The Student News Site of Quinnipiac University

The Quinnipiac Chronicle

The Student News Site of Quinnipiac University

The Quinnipiac Chronicle

This week in baseball: 1956 Dodgers

On February 26, the Baseball Hall of Fame will announce the results of its revamped Veteran’s Committee selections. The final list consists of 26 players from one ballot, and 15 managers, umpires, and executives from a composite ballot.

Many of the 41 men are deserving of being elected to the Hall of Fame, while others still fall just short. Yet, perhaps one of the more amazing items found on these two ballots, are the four Brooklyn Dodgers whose names are being considered. They include: Gil Hodges, Don Newcombe, Buzzie Bavasi (general manager), and Walter O’Malley (owner).

All four men are of Hall of Fame caliber and will be elected sometime in the future. However, as soon as just one of the four are elected, the old Brooklyn Dodgers will set their final Major League record, more then 45 years since they last played in Ebbets Field.

The record they will set is for the team in a single year with the most Hall of Famers in the organization. Currently, the 1927 Yankees, featuring Babe Ruth, Lou Gehrig, Tony Lazzeri, Earle Combs, Waite Hoyt, Herb Pennock, and Miller Huggins as the manager, are tied with the 1956 Brooklyn Dodgers for this most prestigious record.

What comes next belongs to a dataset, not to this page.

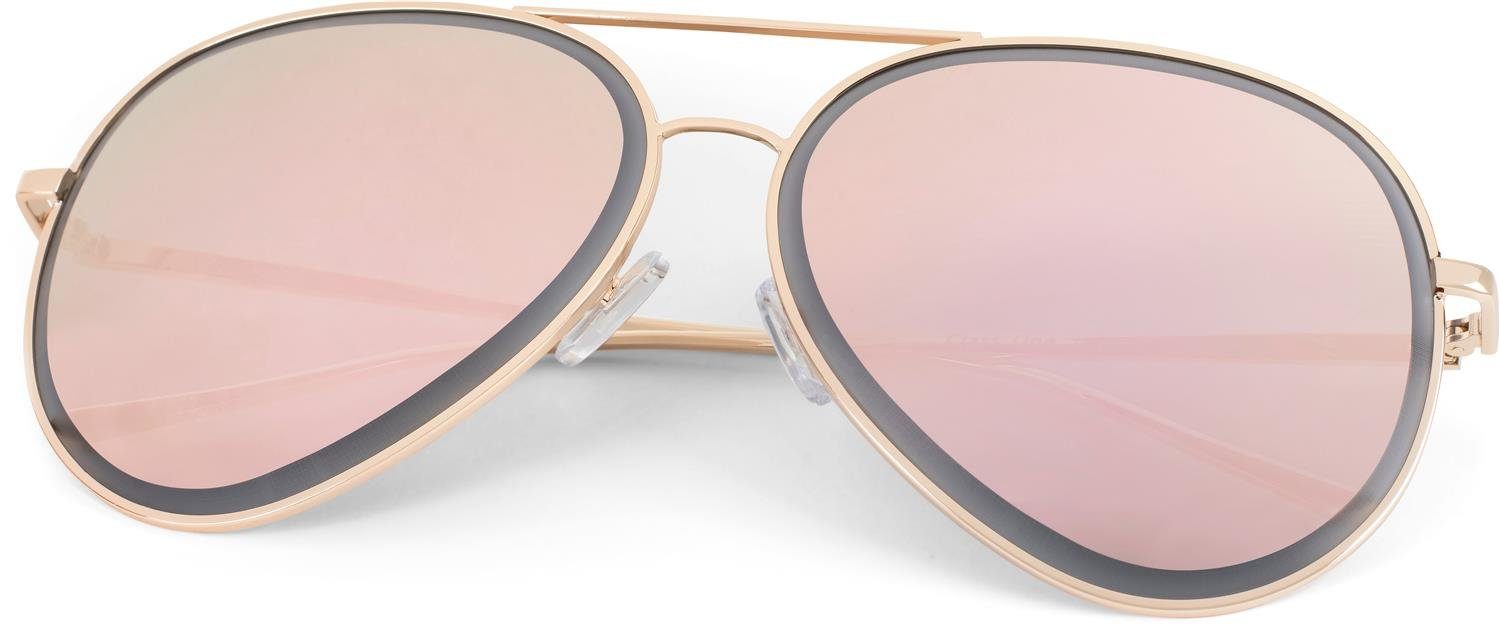 verspiegelt / Gestell Pink (1-St) Glas Gold styleBREAKER Verspiegelt Sonnenbrille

The Dodgers Hall of Famers from that year include Jackie Robinson, Duke Snider, Roy Campanella, Sandy Koufax, Don Drysdale, Peewee Reese, and Walter Alston as manager.

Both ’27 Yankees and ’56 Dodgers have seven Hall of Famers in their organization.

However, Hodges, Newcombe, Bavasi, and O’Malley will all be in the Hall of Fame one day, making the 1956 Brooklyn Dodgers an organization with 11 Hall of Famers. I submit to you that record which will one day come to fruition, will never be broken in the history of the game.

In other news, George Steinbrenner, a future Hall of Fame executive himself, has not let baseball fans forget that sometimes he is an absolute idiot. His comments knocking Derek Jeter’s enthusiasm on the ball field and leadership in the clubhouse are as dumbfounded as when he hired private detectives to find dirt on Dave Winfield, one of the most charitable figures in baseball history.

Since Jeter’s arrival as the starting short stop in 1996, the Yankees have won four World Series and been the perennial American League powerhouse. In that time Jeter has also amassed a .317 lifetime average and provided stellar defense at one of the game’s most challenging positions. He is also one of the game’s most recognizable players and a great ambassador for baseball. What more does Steinbrenner want?

Finally, congratulations to David Justice who announced his retirement recently, ending a career in which he could be nicknamed, “Mr. Playoffs.”

Justice made it to the playoffs 10 times in his career, playing for the Braves, Indians, Yankees, and A’s. His .279 lifetime batting average and 305 homeruns are not Hall of Fame statistics, but it will be interesting how much his post season experience weighs in Hall of Fame consideration six years from now.